■ INPUT RECORDS:
------------------------------------
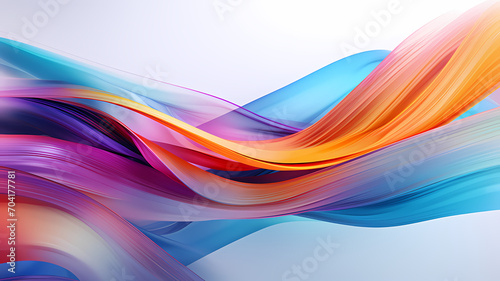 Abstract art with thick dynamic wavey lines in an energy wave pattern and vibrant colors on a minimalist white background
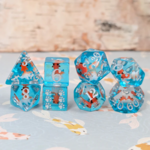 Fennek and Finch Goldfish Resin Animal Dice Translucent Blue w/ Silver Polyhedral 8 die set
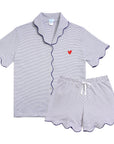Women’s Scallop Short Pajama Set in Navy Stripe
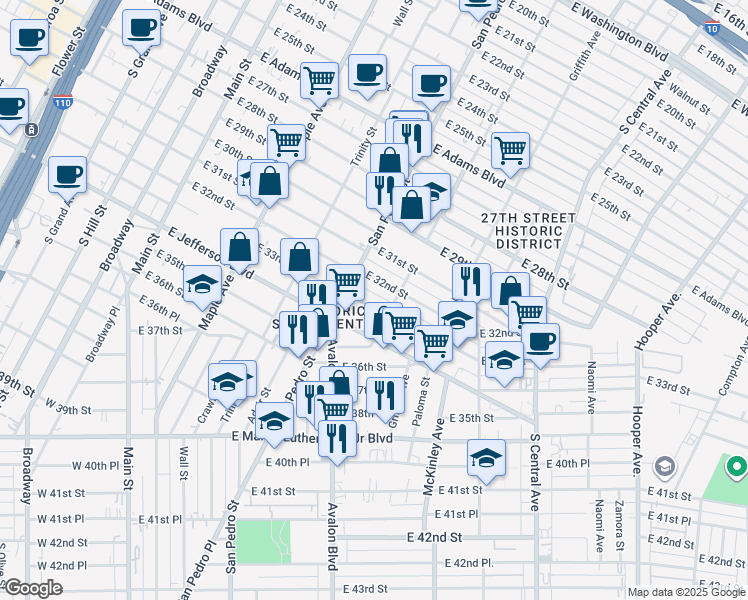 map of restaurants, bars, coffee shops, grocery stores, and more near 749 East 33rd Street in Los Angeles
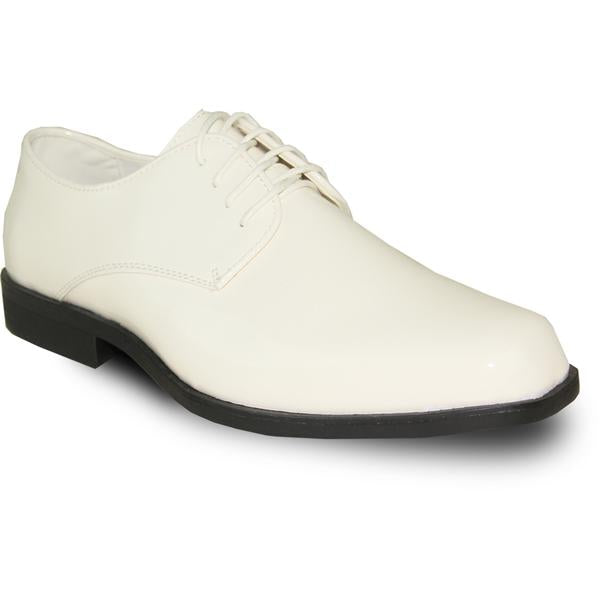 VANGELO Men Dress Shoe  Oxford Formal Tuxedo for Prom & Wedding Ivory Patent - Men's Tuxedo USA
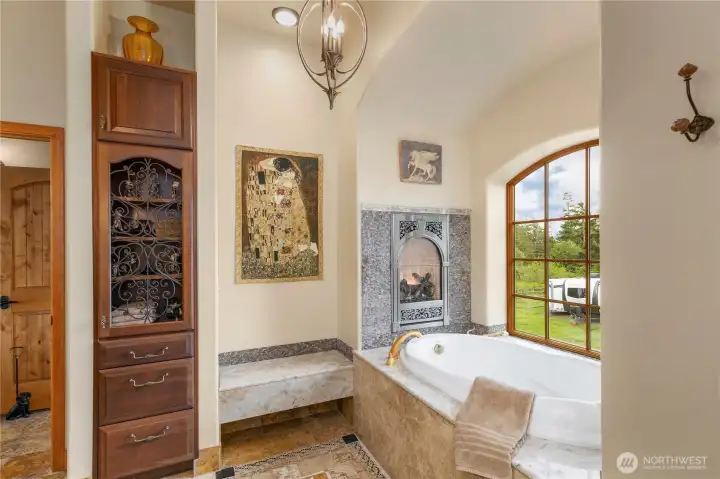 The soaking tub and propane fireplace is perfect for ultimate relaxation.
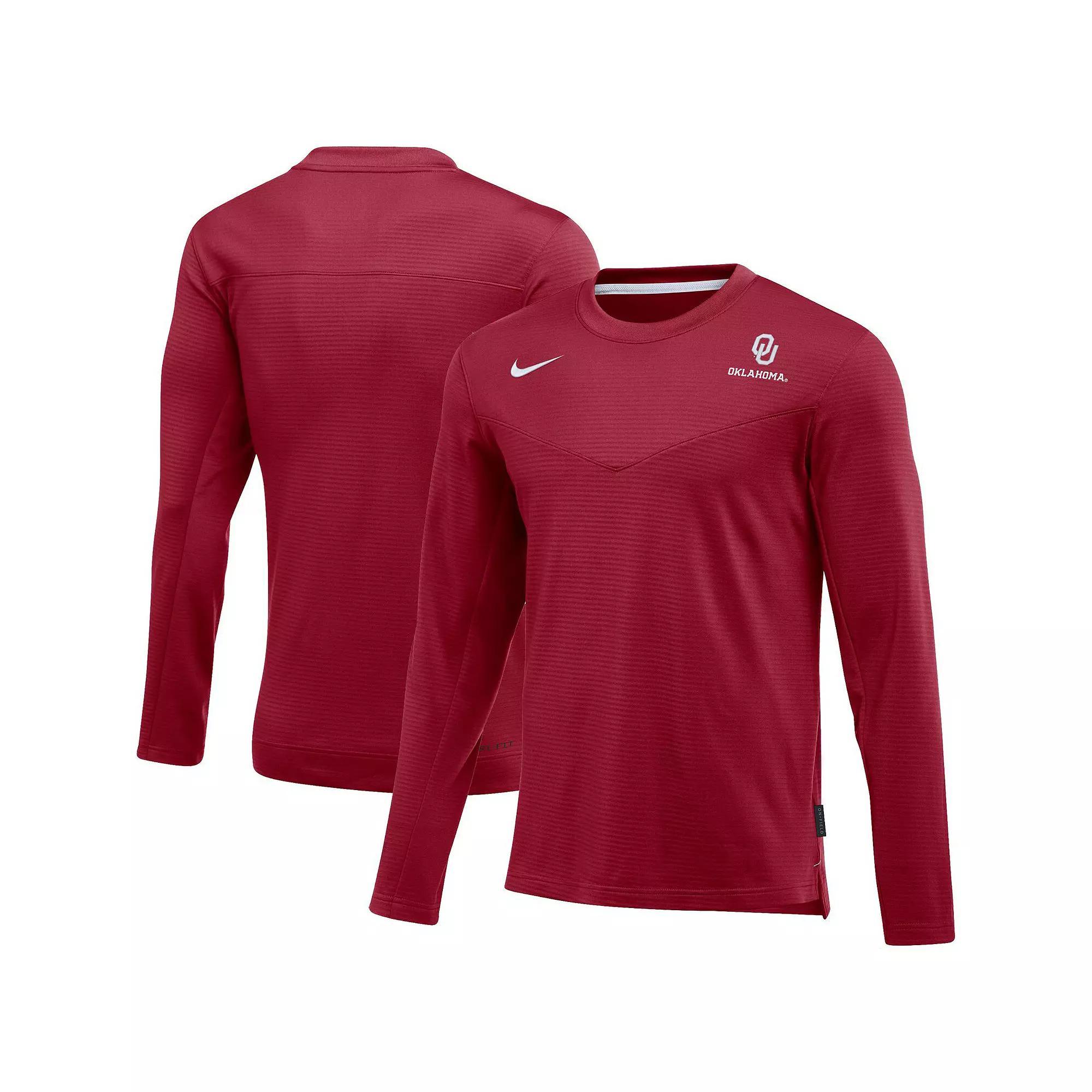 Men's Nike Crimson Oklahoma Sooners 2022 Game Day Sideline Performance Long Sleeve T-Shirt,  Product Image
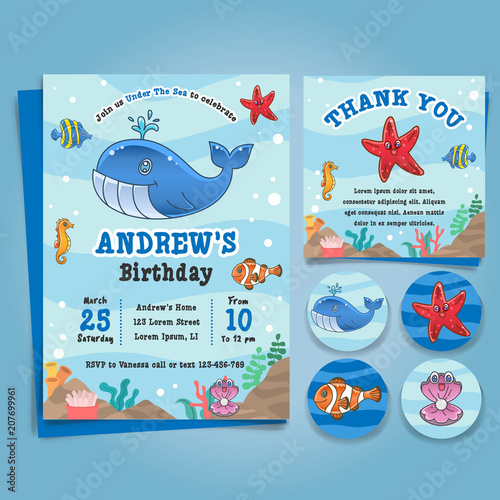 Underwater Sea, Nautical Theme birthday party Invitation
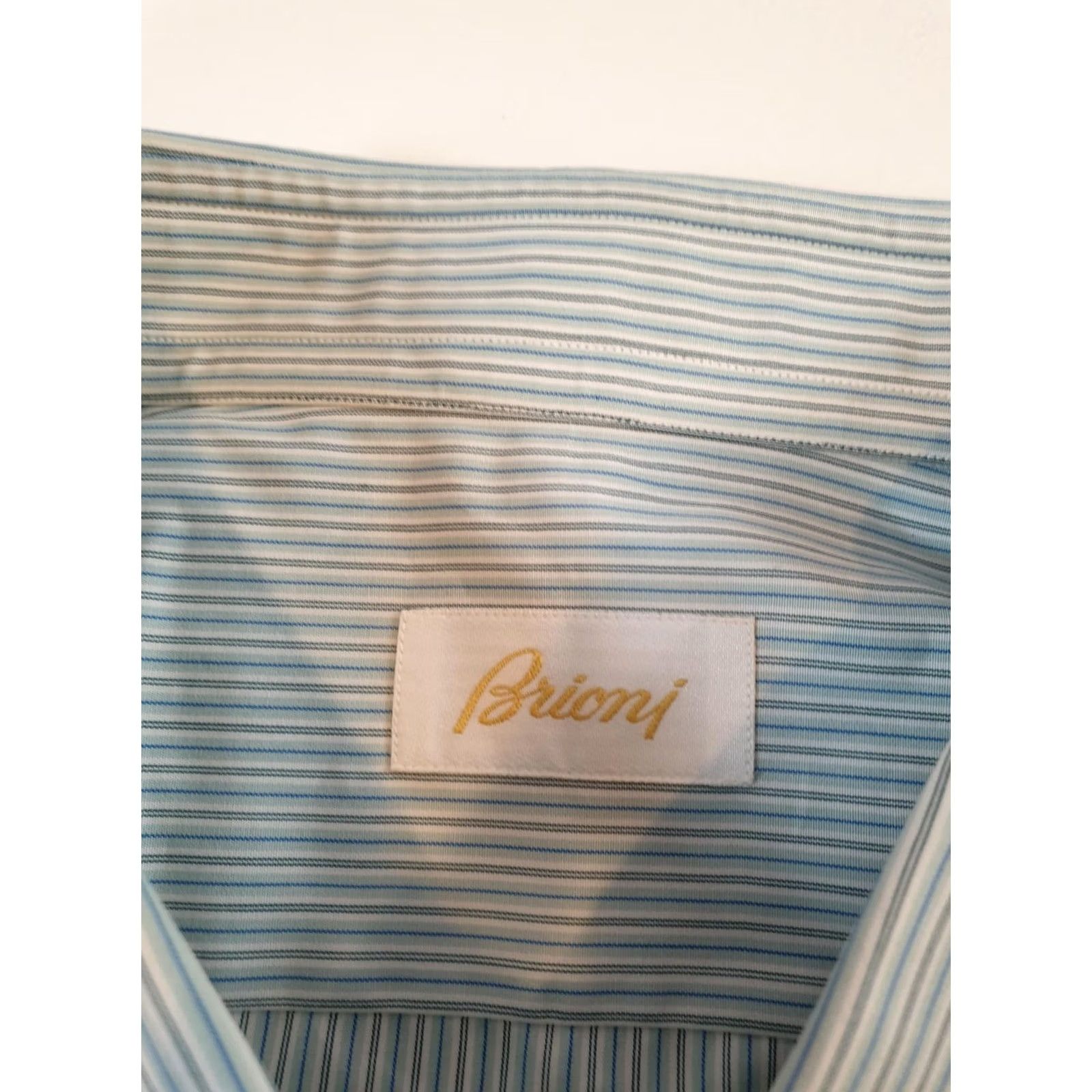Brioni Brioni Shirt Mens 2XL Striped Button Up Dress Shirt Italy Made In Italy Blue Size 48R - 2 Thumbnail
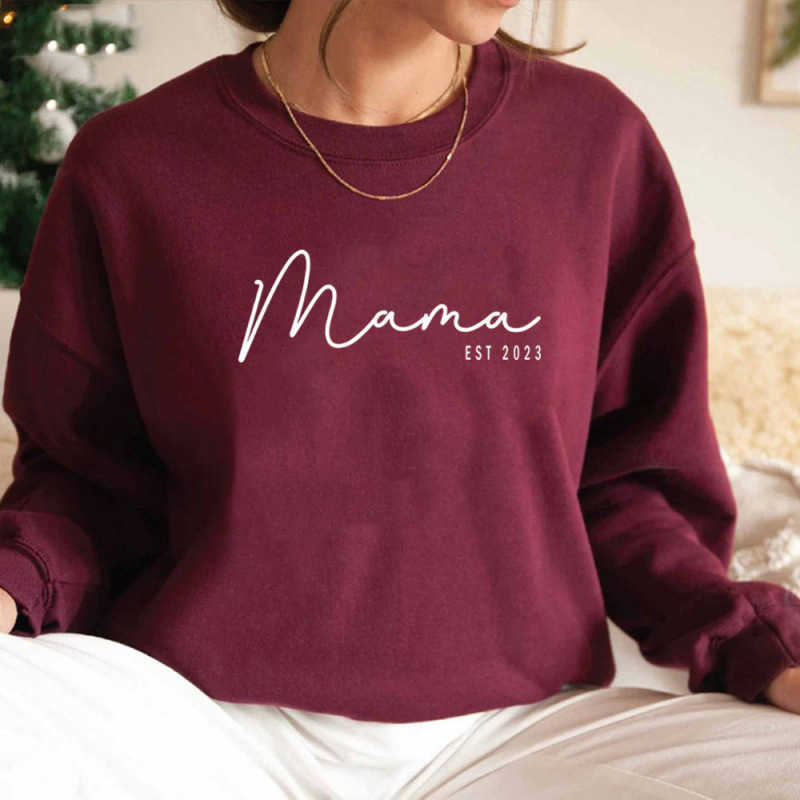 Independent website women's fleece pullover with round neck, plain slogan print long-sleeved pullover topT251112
------------------------------------
■ WHAT THE EXERCISE ASKS: In your answer, print the entries above exactly, with the pictures left out.

■ RESULT FOR THIS EXERCISE:
 Abstract art with thick dynamic wavey lines in an energy wave pattern and vibrant colors on a minimalist white background
 Fennek and Finch Goldfish Resin Animal Dice Translucent Blue w/ Silver Polyhedral 8 die set
Women’s Scallop Short Pajama Set in Navy Stripe
 map of restaurants, bars, coffee shops, grocery stores, and more near 749 East 33rd Street in Los Angeles
 VANGELO Men Dress Shoe  Oxford Formal Tuxedo for Prom & Wedding Ivory Patent - Men's Tuxedo USA
 The soaking tub and propane fireplace is perfect for ultimate relaxation.
 Men's Nike Crimson Oklahoma Sooners 2022 Game Day Sideline Performance Long Sleeve T-Shirt,  Product Image
 Underwater Sea, Nautical Theme birthday party Invitation
Brioni Brioni Shirt Mens 2XL Striped Button Up Dress Shirt Italy Made In Italy Blue Size 48R - 2 Thumbnail
 Independent website women's fleece pullover with round neck, plain slogan print long-sleeved pullover topT251112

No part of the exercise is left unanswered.